— YOUR ASSIGNMENT —
The reply should consist of the full listing, repeated word for word.

____

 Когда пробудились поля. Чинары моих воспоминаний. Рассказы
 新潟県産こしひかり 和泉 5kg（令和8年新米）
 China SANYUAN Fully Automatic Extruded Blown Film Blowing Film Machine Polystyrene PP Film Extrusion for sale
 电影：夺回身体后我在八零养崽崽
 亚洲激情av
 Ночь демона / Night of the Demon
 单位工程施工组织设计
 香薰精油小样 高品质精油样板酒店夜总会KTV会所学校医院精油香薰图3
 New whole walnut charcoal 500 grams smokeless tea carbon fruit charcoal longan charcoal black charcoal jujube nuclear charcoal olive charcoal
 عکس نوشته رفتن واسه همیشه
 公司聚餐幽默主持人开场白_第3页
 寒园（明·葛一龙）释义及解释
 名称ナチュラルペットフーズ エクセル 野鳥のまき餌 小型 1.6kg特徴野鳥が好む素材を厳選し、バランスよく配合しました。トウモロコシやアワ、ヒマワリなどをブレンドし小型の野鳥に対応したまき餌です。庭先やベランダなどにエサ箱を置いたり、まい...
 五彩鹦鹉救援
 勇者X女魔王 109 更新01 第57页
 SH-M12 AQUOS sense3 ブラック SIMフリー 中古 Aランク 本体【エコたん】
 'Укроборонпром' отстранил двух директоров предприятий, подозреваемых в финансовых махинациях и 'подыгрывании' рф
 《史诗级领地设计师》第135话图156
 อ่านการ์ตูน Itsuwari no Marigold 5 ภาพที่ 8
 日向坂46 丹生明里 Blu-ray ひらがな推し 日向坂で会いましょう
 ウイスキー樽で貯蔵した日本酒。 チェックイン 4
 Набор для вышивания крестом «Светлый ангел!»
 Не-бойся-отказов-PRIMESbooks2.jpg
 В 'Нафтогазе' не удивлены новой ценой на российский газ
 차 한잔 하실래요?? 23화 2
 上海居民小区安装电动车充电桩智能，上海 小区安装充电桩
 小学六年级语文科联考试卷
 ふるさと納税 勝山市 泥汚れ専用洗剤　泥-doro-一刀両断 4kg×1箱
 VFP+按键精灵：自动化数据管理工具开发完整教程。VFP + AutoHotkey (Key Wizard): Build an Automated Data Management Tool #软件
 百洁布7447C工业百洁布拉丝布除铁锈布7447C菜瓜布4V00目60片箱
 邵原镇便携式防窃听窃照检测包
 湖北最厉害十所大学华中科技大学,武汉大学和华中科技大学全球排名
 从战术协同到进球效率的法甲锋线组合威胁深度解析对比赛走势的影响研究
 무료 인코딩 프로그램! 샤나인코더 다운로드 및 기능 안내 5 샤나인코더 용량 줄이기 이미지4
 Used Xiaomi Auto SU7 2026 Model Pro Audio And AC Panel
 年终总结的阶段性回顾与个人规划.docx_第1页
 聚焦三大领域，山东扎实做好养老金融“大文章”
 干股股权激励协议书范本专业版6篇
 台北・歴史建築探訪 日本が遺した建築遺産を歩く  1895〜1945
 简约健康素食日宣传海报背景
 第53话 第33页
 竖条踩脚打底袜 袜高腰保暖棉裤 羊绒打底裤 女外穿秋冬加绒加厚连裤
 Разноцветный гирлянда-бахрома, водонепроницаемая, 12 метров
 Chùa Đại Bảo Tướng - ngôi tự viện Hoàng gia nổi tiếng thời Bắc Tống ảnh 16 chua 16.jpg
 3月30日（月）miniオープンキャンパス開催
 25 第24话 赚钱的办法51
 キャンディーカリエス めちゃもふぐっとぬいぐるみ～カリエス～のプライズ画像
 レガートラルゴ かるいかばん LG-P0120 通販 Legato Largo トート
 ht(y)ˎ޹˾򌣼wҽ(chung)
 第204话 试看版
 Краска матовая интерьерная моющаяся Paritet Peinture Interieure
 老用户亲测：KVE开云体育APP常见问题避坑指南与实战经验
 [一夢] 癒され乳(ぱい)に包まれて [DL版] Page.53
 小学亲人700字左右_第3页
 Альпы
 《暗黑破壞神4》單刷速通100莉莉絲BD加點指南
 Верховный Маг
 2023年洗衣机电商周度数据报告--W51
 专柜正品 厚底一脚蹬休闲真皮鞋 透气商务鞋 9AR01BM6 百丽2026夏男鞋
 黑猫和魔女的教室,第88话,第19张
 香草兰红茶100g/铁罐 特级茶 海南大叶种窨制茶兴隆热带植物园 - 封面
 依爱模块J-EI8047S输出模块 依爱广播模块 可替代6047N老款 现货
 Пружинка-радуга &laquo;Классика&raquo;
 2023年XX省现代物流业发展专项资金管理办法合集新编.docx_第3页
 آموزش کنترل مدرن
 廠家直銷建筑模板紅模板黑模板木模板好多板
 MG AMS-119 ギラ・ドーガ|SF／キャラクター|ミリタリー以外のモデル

____

— ANSWER SECTION —
 Когда пробудились поля. Чинары моих воспоминаний. Рассказы
 新潟県産こしひかり 和泉 5kg（令和8年新米）
 China SANYUAN Fully Automatic Extruded Blown Film Blowing Film Machine Polystyrene PP Film Extrusion for sale
 电影：夺回身体后我在八零养崽崽
 亚洲激情av
 Ночь демона / Night of the Demon
 单位工程施工组织设计
 香薰精油小样 高品质精油样板酒店夜总会KTV会所学校医院精油香薰图3
 New whole walnut charcoal 500 grams smokeless tea carbon fruit charcoal longan charcoal black charcoal jujube nuclear charcoal olive charcoal
 عکس نوشته رفتن واسه همیشه
 公司聚餐幽默主持人开场白_第3页
 寒园（明·葛一龙）释义及解释
 名称ナチュラルペットフーズ エクセル 野鳥のまき餌 小型 1.6kg特徴野鳥が好む素材を厳選し、バランスよく配合しました。トウモロコシやアワ、ヒマワリなどをブレンドし小型の野鳥に対応したまき餌です。庭先やベランダなどにエサ箱を置いたり、まい...
 五彩鹦鹉救援
 勇者X女魔王 109 更新01 第57页
 SH-M12 AQUOS sense3 ブラック SIMフリー 中古 Aランク 本体【エコたん】
 'Укроборонпром' отстранил двух директоров предприятий, подозреваемых в финансовых махинациях и 'подыгрывании' рф
 《史诗级领地设计师》第135话图156
 อ่านการ์ตูน Itsuwari no Marigold 5 ภาพที่ 8
 日向坂46 丹生明里 Blu-ray ひらがな推し 日向坂で会いましょう
 ウイスキー樽で貯蔵した日本酒。 チェックイン 4
 Набор для вышивания крестом «Светлый ангел!»
 Не-бойся-отказов-PRIMESbooks2.jpg
 В 'Нафтогазе' не удивлены новой ценой на российский газ
 차 한잔 하실래요?? 23화 2
 上海居民小区安装电动车充电桩智能，上海 小区安装充电桩
 小学六年级语文科联考试卷
 ふるさと納税 勝山市 泥汚れ専用洗剤　泥-doro-一刀両断 4kg×1箱
 VFP+按键精灵：自动化数据管理工具开发完整教程。VFP + AutoHotkey (Key Wizard): Build an Automated Data Management Tool #软件
 百洁布7447C工业百洁布拉丝布除铁锈布7447C菜瓜布4V00目60片箱
 邵原镇便携式防窃听窃照检测包
 湖北最厉害十所大学华中科技大学,武汉大学和华中科技大学全球排名
 从战术协同到进球效率的法甲锋线组合威胁深度解析对比赛走势的影响研究
 무료 인코딩 프로그램! 샤나인코더 다운로드 및 기능 안내 5 샤나인코더 용량 줄이기 이미지4
 Used Xiaomi Auto SU7 2026 Model Pro Audio And AC Panel
 年终总结的阶段性回顾与个人规划.docx_第1页
 聚焦三大领域，山东扎实做好养老金融“大文章”
 干股股权激励协议书范本专业版6篇
 台北・歴史建築探訪 日本が遺した建築遺産を歩く  1895〜1945
 简约健康素食日宣传海报背景
 第53话 第33页
 竖条踩脚打底袜 袜高腰保暖棉裤 羊绒打底裤 女外穿秋冬加绒加厚连裤
 Разноцветный гирлянда-бахрома, водонепроницаемая, 12 метров
 Chùa Đại Bảo Tướng - ngôi tự viện Hoàng gia nổi tiếng thời Bắc Tống ảnh 16 chua 16.jpg
 3月30日（月）miniオープンキャンパス開催
 25 第24话 赚钱的办法51
 キャンディーカリエス めちゃもふぐっとぬいぐるみ～カリエス～のプライズ画像
 レガートラルゴ かるいかばん LG-P0120 通販 Legato Largo トート
 ht(y)ˎ޹˾򌣼wҽ(chung)
 第204话 试看版
 Краска матовая интерьерная моющаяся Paritet Peinture Interieure
 老用户亲测：KVE开云体育APP常见问题避坑指南与实战经验
 [一夢] 癒され乳(ぱい)に包まれて [DL版] Page.53
 小学亲人700字左右_第3页
 Альпы
 《暗黑破壞神4》單刷速通100莉莉絲BD加點指南
 Верховный Маг
 2023年洗衣机电商周度数据报告--W51
 专柜正品 厚底一脚蹬休闲真皮鞋 透气商务鞋 9AR01BM6 百丽2026夏男鞋
 黑猫和魔女的教室,第88话,第19张
 香草兰红茶100g/铁罐 特级茶 海南大叶种窨制茶兴隆热带植物园 - 封面
 依爱模块J-EI8047S输出模块 依爱广播模块 可替代6047N老款 现货
 Пружинка-радуга &laquo;Классика&raquo;
 2023年XX省现代物流业发展专项资金管理办法合集新编.docx_第3页
 آموزش کنترل مدرن
 廠家直銷建筑模板紅模板黑模板木模板好多板
 MG AMS-119 ギラ・ドーガ|SF／キャラクター|ミリタリー以外のモデル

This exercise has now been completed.